人工智能系统，特别是大型语言模型（llm），越来越多地被用于影响个人和整个社会的高风险决策，通常没有足够的保障措施来确保安全、质量和公平。然而，法学硕士会产生幻觉，缺乏常识，并且有偏见——这些缺点可能反映了法学硕士固有的局限性，因此可能无法通过更复杂的架构、更多的数据或更多的人类反馈来弥补。因此，仅仅依靠法学硕士来做复杂、高风险的决策是有问题的。在这里，我们提出了一个混合集体智慧系统，通过利用人类经验的互补优势和法学硕士处理的大量信息来减轻这些风险。我们将我们的方法应用于开放式医学诊断，将医生做出的40,762例鉴别诊断与五个最先进的法学硕士在2,133个基于文本的医学病例小片段中的诊断相结合。我们表明，医生和法学硕士的混合集体优于单一医生和医生集体，以及单一法学硕士和法学硕士组合。这一结果适用于一系列医学专业和专业经验，可以归因于人类和法学硕士的互补贡献，导致不同类型的错误。我们的方法强调了人类和机器集体智能在提高医疗诊断等复杂开放式领域准确性方面的潜力。

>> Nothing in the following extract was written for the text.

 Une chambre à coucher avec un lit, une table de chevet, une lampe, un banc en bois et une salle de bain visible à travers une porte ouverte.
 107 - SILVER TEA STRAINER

本文章由计算机程序翻译，如有差异，请以英文原文为准。

求助全文

约1分钟内获得全文求助全文

来源期刊

Proceedings of the National Academy of Sciences of the United States of America 综合性期刊-综合性期刊

CiteScore

19.00

自引率

0.90%

发文量

3575

审稿时长

2.5 months

期刊介绍： The Proceedings of the National Academy of Sciences (PNAS), a peer-reviewed journal of the National Academy of Sciences (NAS), serves as an authoritative source for high-impact, original research across the biological, physical, and social sciences. With a global scope, the journal welcomes submissions from researchers worldwide, making it an inclusive platform for advancing scientific knowledge.